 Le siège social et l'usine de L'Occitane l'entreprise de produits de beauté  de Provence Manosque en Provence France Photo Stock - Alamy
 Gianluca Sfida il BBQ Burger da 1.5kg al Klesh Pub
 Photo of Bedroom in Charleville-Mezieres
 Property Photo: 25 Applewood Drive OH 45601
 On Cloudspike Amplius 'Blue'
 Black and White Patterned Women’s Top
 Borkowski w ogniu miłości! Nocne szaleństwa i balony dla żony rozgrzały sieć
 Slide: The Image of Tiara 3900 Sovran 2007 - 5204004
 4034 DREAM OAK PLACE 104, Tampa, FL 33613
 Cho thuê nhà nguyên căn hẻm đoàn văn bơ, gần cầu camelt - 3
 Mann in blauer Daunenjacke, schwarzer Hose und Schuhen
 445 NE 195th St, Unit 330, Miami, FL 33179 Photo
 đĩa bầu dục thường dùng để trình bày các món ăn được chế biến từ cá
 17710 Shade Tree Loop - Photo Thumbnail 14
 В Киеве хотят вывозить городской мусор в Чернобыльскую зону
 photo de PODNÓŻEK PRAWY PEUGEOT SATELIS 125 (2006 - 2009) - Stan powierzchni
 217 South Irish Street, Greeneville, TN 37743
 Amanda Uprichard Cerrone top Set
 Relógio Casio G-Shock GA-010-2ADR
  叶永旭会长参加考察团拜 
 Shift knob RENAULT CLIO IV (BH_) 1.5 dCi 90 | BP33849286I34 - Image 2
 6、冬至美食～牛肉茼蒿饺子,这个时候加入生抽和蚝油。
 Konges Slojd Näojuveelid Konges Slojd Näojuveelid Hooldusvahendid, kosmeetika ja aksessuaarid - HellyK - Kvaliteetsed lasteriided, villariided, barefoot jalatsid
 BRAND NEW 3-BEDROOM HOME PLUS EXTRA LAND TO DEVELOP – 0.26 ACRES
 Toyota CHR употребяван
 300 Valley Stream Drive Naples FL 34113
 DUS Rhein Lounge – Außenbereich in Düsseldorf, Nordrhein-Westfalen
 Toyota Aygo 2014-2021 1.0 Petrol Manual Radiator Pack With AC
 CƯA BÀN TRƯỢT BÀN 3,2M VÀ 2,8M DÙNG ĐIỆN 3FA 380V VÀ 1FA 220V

• [YOUR OBJECTIVE]
Above are the records. Copy the lines beginning at the one that has "Relógio Casio G-Shock GA-010-2ADR" and ending with the one that has "Toyota Aygo 2014-2021", unchanged.

• [OUTPUT BELOW]
 Relógio Casio G-Shock GA-010-2ADR
  叶永旭会长参加考察团拜 
 Shift knob RENAULT CLIO IV (BH_) 1.5 dCi 90 | BP33849286I34 - Image 2
 6、冬至美食～牛肉茼蒿饺子,这个时候加入生抽和蚝油。
 Konges Slojd Näojuveelid Konges Slojd Näojuveelid Hooldusvahendid, kosmeetika ja aksessuaarid - HellyK - Kvaliteetsed lasteriided, villariided, barefoot jalatsid
 BRAND NEW 3-BEDROOM HOME PLUS EXTRA LAND TO DEVELOP – 0.26 ACRES
 Toyota CHR употребяван
 300 Valley Stream Drive Naples FL 34113
 DUS Rhein Lounge – Außenbereich in Düsseldorf, Nordrhein-Westfalen
 Toyota Aygo 2014-2021 1.0 Petrol Manual Radiator Pack With AC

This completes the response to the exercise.